OK, here's the header(just an example) info I got from Live HTTP Header while logging into an account:
http://example.com/login.html
POST /login.html HTTP/1.1
Host: example.com
User-Agent: Mozilla/5.0 (Windows; U; Windows NT 5.1; en-US; rv:1.9.2.8) Gecko/20100722 Firefox/3.6.8 GTB7.1 (.NET CLR 3.5.30729)
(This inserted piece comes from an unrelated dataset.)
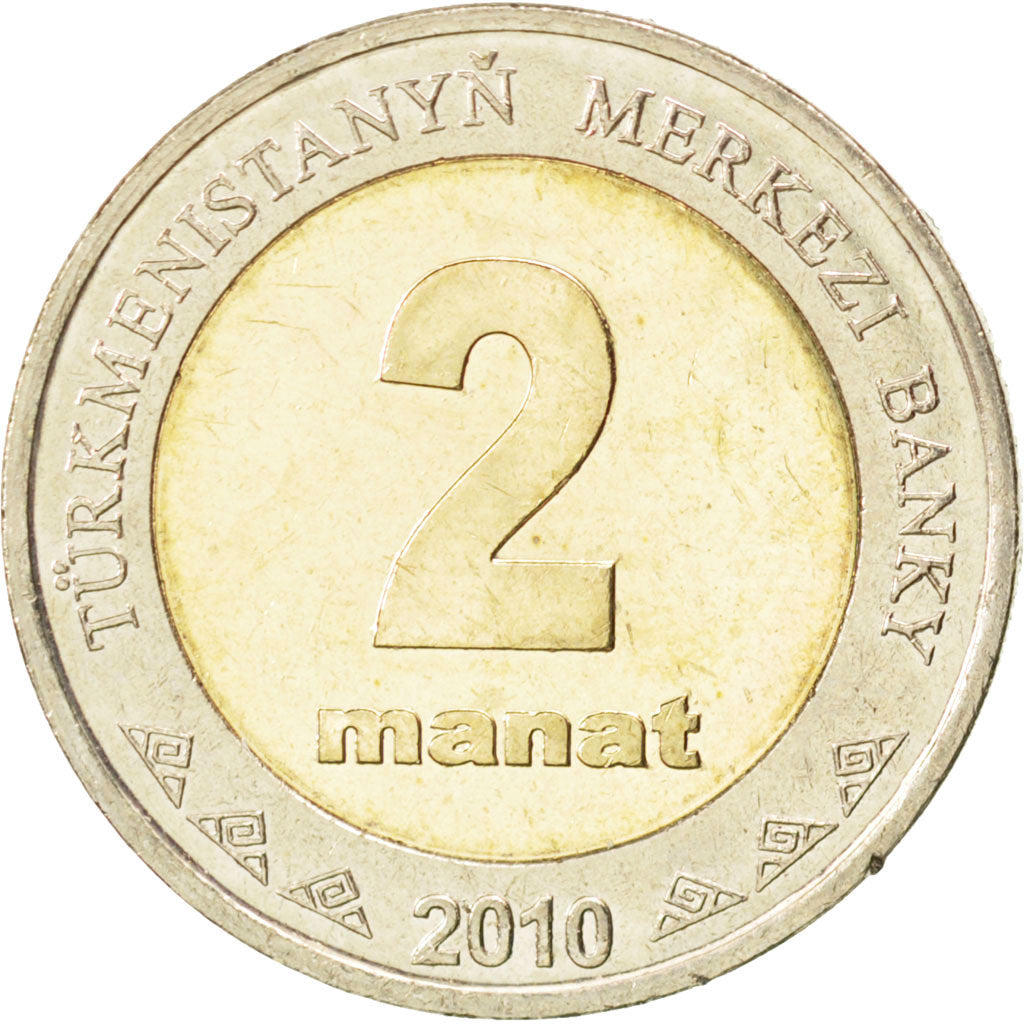 Coin, Turkmenistan, 2 Manat, 2010, MS(63), Bi-Metallic, KM:104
Accept: text/html,application/xhtml+xml,application/xml;q=0.9,*/*;q=0.8
Accept-Language: en-us,en;q=0.5
Accept-Encoding: gzip,deflate
Accept-Charset: ISO-8859-1,utf-8;q=0.7,*;q=0.7
Keep-Alive: 115
Connection: keep-alive
Referer: http://example.com
Cookie: blahblahblah; blah = blahblah
Content-Type: application/x-www-form-urlencoded
Content-Length: 39
username=shane&password=123456&do=login
HTTP/1.1 200 OK
Date: Sat, 18 Dec 2010 15:41:02 GMT
Server: Apache/2.2.3 (CentOS)
X-Powered-By: PHP/5.2.14
Set-Cookie: blah = blahblah_blah; expires=Sun, 18-Dec-2011 15:41:02 GMT; path=/; domain=.example.com; HttpOnly
Set-Cookie: blah = blahblah; expires=Sun, 18-Dec-2011 15:41:02 GMT; path=/; domain=.example.com; HttpOnly
Set-Cookie: blah = blahblah; expires=Sun, 18-Dec-2011 15:41:02 GMT; path=/; domain=.example.com; HttpOnly
Cache-Control: private, no-cache="set-cookie"
Expires: 0
Pragma: no-cache
Content-Encoding: gzip
Vary: Accept-Encoding
Content-Length: 4135
Keep-Alive: timeout=10, max=100
Connection: Keep-Alive
Content-Type: text/html; charset=UTF-8
Normally I would code like this:
import mechanize
import urllib2
MechBrowser = mechanize.Browser()
LoginUrl = "http://example.com/login.html"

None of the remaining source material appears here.